2.1 The Linguistic Descriptions

The linguistic descriptions are developed in a modified and extended version of Lauri Karttunen’s D-PATR, a development environment for unification-based grammars. The descriptions consist basically of a lexicon and a set of syntactic rules.

There is no morphological analysis: the lexicon consists of a list of entries for all word forms and a list of stem entries, or ‘lexemes’. Each entry is basically a set of equations defining a feature structure. There is also a template list exempting the grammar writer from entering recurring sets of equations many times. The lexical entries are compiled to re-entrant, potentially cyclic directed graphs representing feature structures, and are available to the unification-based parsing, translation and generation procedures in that form. Fig. 1 shows in a simplified form the central part of the structure representing the word form spiser ‘eats’.
 
 


 
 

Fig. 1 Lexical entry as feature structure: spiser ‘eats’
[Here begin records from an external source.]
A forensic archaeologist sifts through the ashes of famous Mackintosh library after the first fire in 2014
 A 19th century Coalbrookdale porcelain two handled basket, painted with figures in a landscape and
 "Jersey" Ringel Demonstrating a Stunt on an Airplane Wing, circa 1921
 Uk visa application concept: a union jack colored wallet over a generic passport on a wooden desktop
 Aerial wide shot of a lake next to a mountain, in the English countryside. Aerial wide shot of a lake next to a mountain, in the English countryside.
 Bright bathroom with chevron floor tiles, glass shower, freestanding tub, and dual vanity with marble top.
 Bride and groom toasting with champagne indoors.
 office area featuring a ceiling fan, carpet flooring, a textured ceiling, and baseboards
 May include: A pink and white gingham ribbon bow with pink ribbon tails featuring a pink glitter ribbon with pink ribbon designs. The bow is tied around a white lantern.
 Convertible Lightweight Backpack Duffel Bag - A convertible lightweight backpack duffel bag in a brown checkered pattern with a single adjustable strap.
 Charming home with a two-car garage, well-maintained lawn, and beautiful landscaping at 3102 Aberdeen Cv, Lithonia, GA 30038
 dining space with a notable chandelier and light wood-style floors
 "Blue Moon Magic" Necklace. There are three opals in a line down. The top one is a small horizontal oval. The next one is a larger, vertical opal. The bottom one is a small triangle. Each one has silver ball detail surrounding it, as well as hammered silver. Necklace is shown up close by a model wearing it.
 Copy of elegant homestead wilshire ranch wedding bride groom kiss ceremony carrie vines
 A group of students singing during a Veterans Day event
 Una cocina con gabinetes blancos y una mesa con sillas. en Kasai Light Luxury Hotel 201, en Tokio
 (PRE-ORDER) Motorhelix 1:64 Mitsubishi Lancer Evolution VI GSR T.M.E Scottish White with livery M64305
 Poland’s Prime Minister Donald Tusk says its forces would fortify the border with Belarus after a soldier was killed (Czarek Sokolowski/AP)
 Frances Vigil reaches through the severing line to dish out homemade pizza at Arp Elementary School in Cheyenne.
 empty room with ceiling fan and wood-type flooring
Fig. 1 illustrates some central features of the linguistic descriptions. The structure can be seen as an underspecified version of the structure representing any sentence with spiser as its main verb form. It has a syntax substructure roughly corresponding to an LFG-type f-structure, and a trans substructure representing the semantics of the expression in the form of a situation schema (cf. Fenstad & al. (1987) for the concept of situation schemata and their derivation by co-description in unification-based grammars). Thus, fig. 1 informs us that spiser expresses a relation eat’ of two arguments, and that the location of the eating temporally overlaps the discourse-location. The latter piece of information is expressed by the deictic present tense and represented in situation-theoretic terms as a value of loc, i.e., the location of the described situation, by means of an indeterminate — or parameter — (ind) of type LOCATION being constrained to enter into the relation temp-overlap with the discourse-location. Furthermore the structure represents the linking information carried by the form spiser: arg1 is linked to the function subject and arg2 to object by the unification of the semantics of the respective functions with the corresponding argument positions.

The syntactic rules are context-free phrase structure rules annotated with equations defining feature structures. The rules, too, are compiled to directed graphs representing the feature structures; fig. 2 shows a simple example.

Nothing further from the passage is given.